Kirkus Reviews QR Code
THE DISQUIETING DEATH OF EMMA GILL by Marcia Biederman

THE DISQUIETING DEATH OF EMMA GILL

Abortion, Death, and Concealment in Victorian New England

by Marcia Biederman

Pub Date: Jan. 23rd, 2024
ISBN: 9781641608565
Publisher: Chicago Review Press

Two 19th-century abortionists run from the law and the repercussions of a patient’s death in this nonfiction work.

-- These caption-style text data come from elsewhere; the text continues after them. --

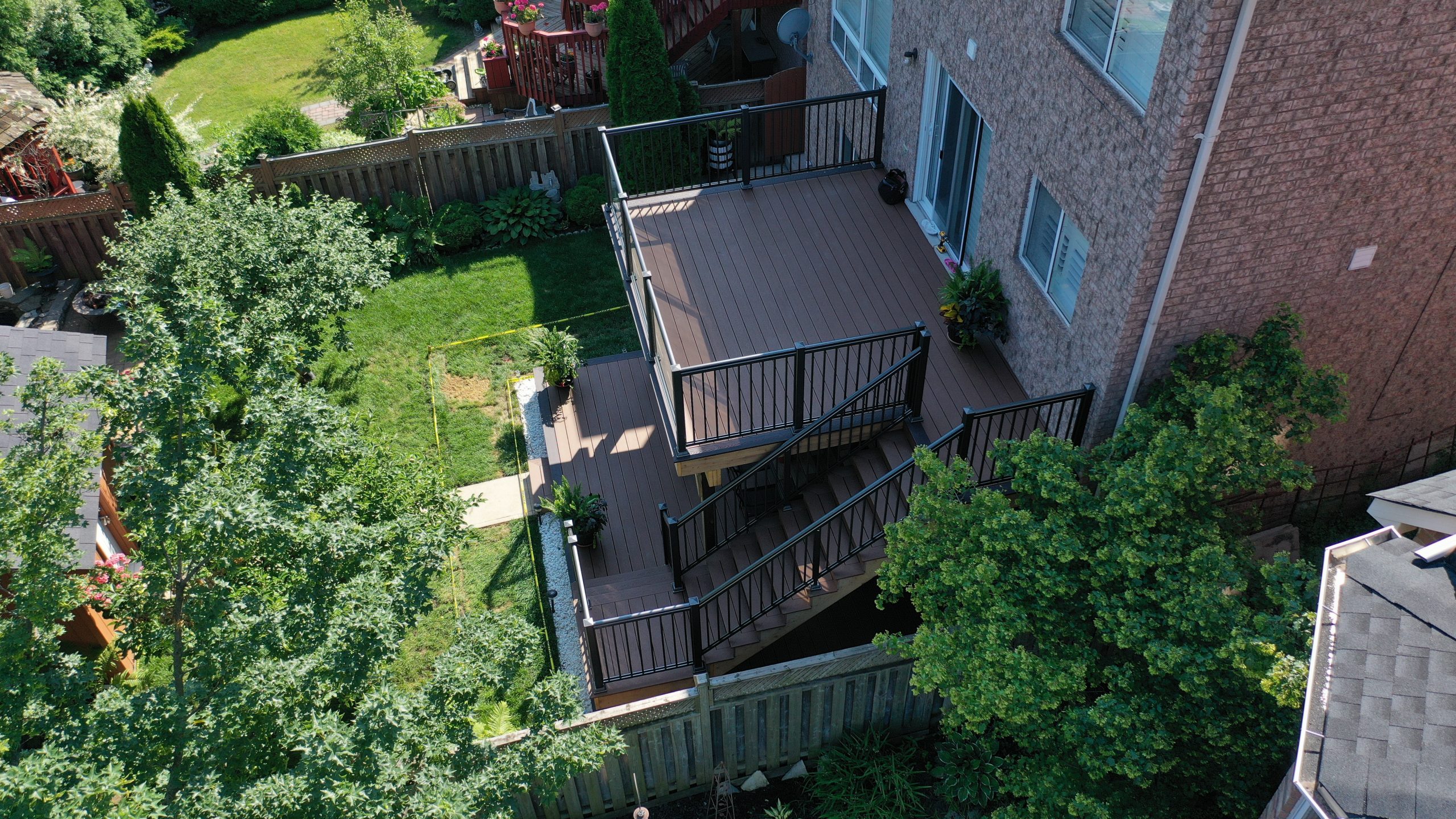 Deck with Glass Railings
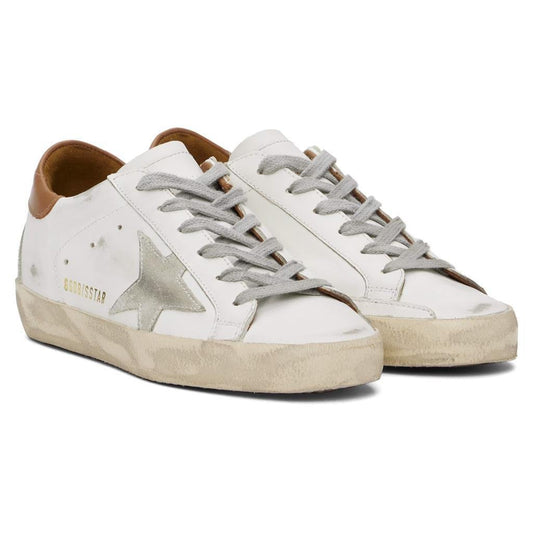 Golden Goose Superstar in White, Ice & Light Brown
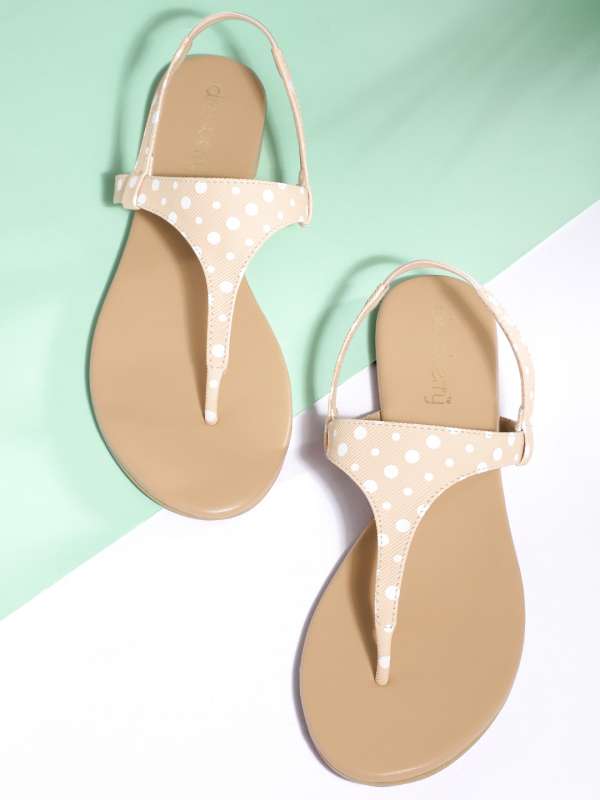 Polka dot flat sandals shop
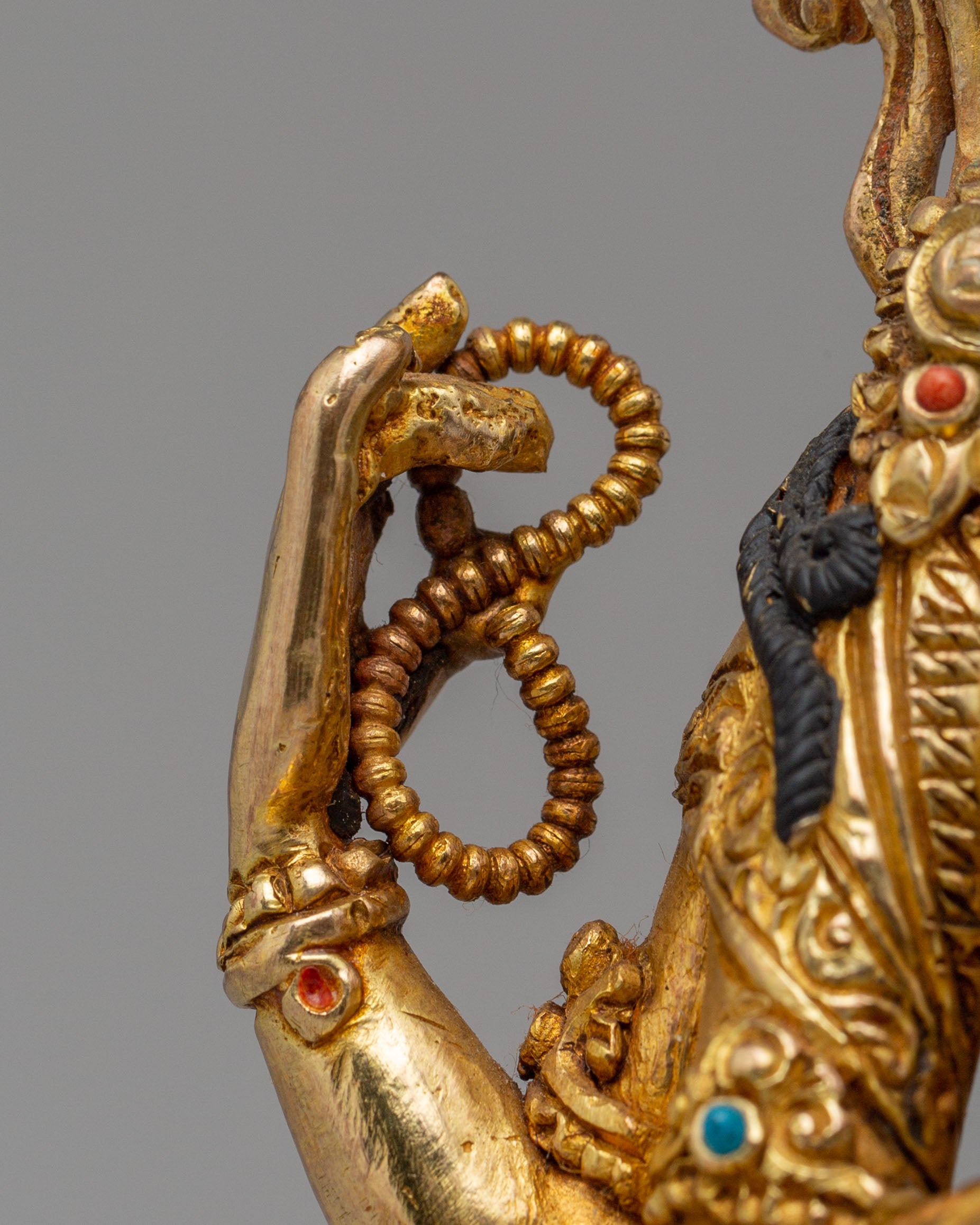 Handcrafted Chenrezig Statue | Tibetan Bodhisattva of Compassion Art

In the wake of Roe v. Wade’s reversal, Biederman’s latest book focuses on the death and subsequent investigation of the murder of Emma Gill, a young unmarried woman from Connecticut who secretly sought an abortion in 1898; her body was found dismembered under a bridge. This historical account follows Henry and Nancy Guilford, a couple of unlicensed “doctors” who’d become some of the most notorious abortion providers across New England. Neither properly studied medicine, but they were ambitious and duplicitous enough to convince many desperate women to seek their services. Emma is thinly sketched, but her story reveals the ways communities, law enforcement, and the media perceived and stigmatized abortion. The author draws on an exhaustive collage of newspaper accounts, historical records, and archival research to not only animate the era, but to provide specifics about the extensive harm caused by regulating women’s bodies. Nancy’s eventual conviction for manslaughter for Emma’s death (Henry, who wasn’t involved with Emma Gill’s abortion, wasn’t charged) reveals how far abortion and sex education discourse has come (and recently regressed). Biederman’s economic prose avoids sentimentality (“A saloonkeeper’s wife, presumably with access to cash, would have received a warm welcome, particularly at that time. Nancy’s financial pressures were mounting”), and the narrative unfolds like a high-stakes crime novel. An afterword explains that the Guilfords’ trials and imprisonments did not dissuade them from continuing to give abortions.

A multifaceted, revealing historical account of one woman’s abortion.